# [Supplied data]
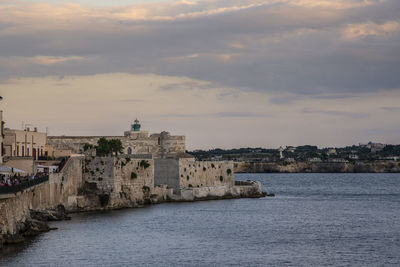 Buildings at waterfront against cloudy sky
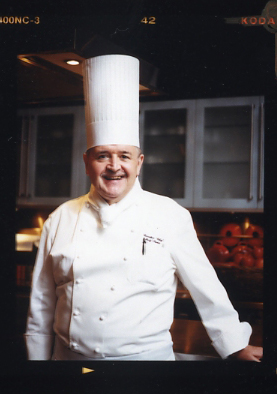 Chef in white uniform and tall white chef's hat smiling at camera in restaurant kitchen.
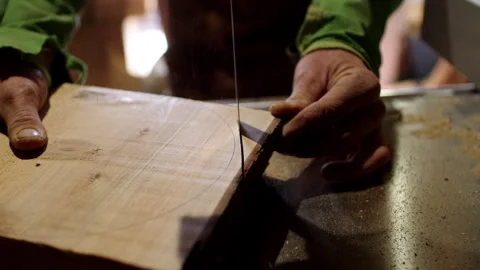 Mastering woodworking techniques through carpenter's precision cutting skills Stock Footage 321385572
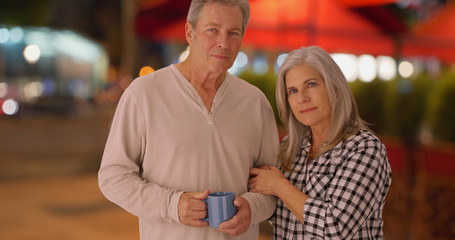 Mature Caucasian wife and husband on sidewalk looking seriously at camera
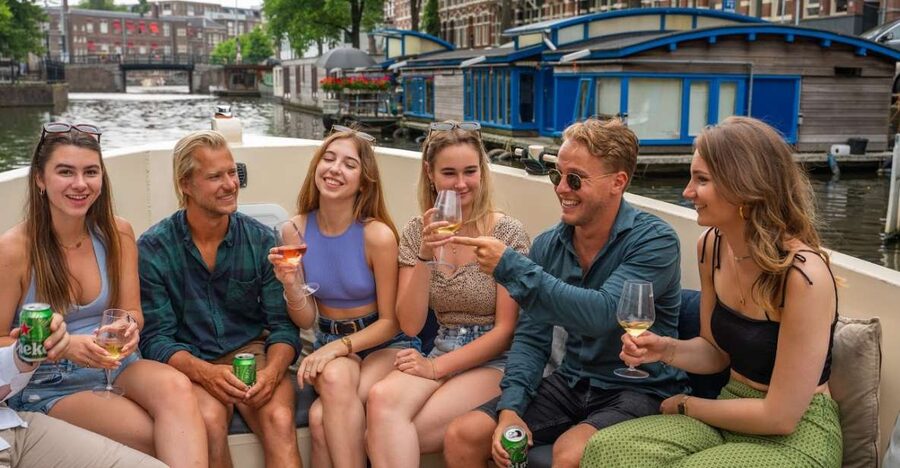 Amsterdam: Red-Light District Pub Crawl and Booze Boat Tour - Canal Cruise Meets an Instant Night Plan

# [Problem details]
The answer must be the lines above from the one containing "Chef in white" through the one containing "Mature Caucasian wife", reproduced exactly, with no pictures and nothing else.

# [Answer section]
 Chef in white uniform and tall white chef's hat smiling at camera in restaurant kitchen.
 Mastering woodworking techniques through carpenter's precision cutting skills Stock Footage 321385572
 Mature Caucasian wife and husband on sidewalk looking seriously at camera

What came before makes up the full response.